**Source data:**

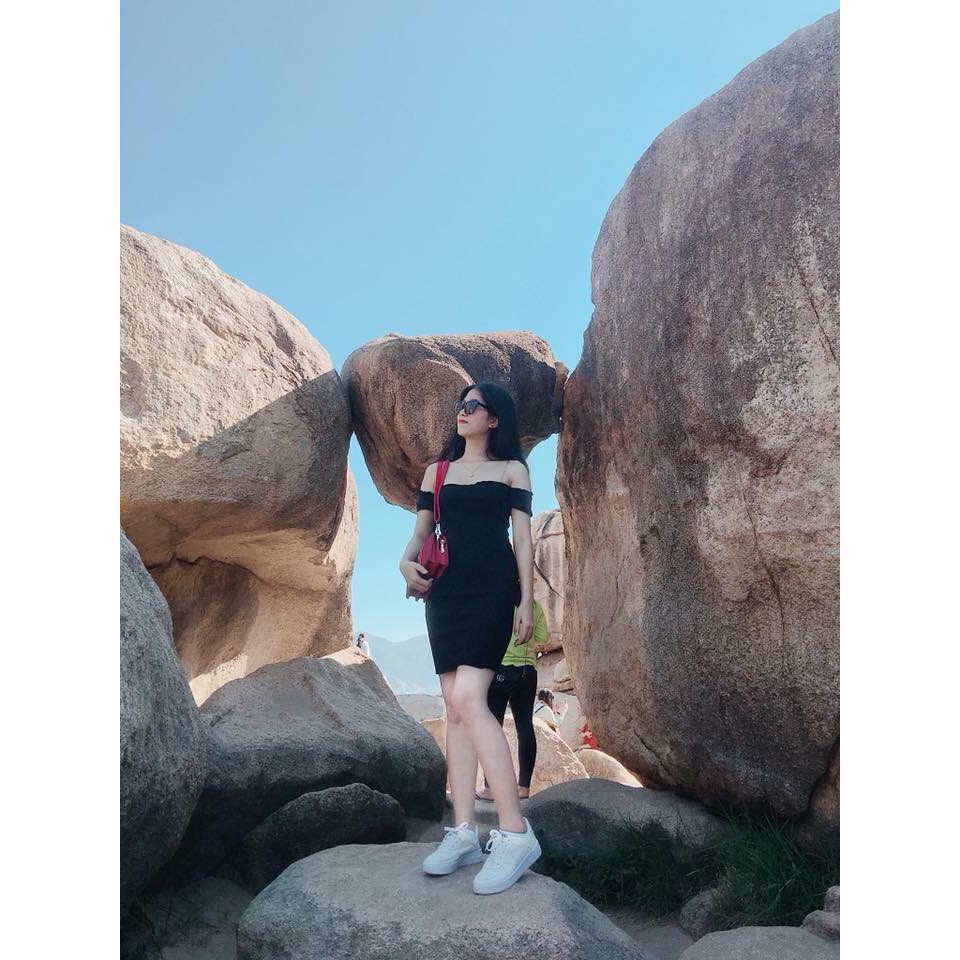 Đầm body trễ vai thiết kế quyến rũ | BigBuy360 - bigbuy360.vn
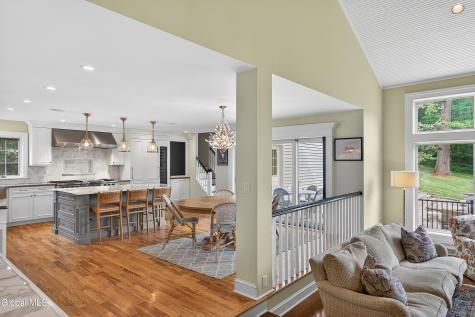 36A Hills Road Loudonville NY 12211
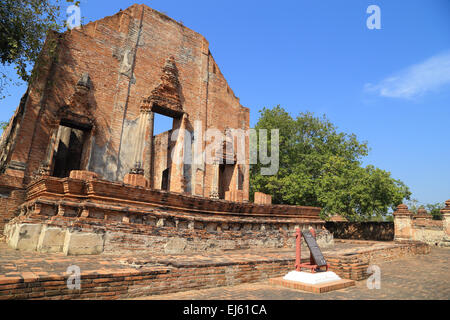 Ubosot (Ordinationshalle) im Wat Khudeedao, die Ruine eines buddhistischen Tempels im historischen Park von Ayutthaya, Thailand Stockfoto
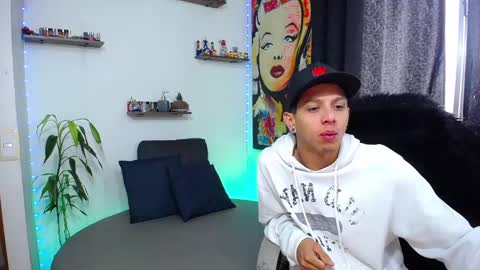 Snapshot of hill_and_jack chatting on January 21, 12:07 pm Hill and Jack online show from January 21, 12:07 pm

**Instructions for the task:** Copy the listing above word for word. Do not include the pictures.

**Result for this exercise:**
 Đầm body trễ vai thiết kế quyến rũ | BigBuy360 - bigbuy360.vn
 36A Hills Road Loudonville NY 12211
 Ubosot (Ordinationshalle) im Wat Khudeedao, die Ruine eines buddhistischen Tempels im historischen Park von Ayutthaya, Thailand Stockfoto
 Snapshot of hill_and_jack chatting on January 21, 12:07 pm Hill and Jack online show from January 21, 12:07 pm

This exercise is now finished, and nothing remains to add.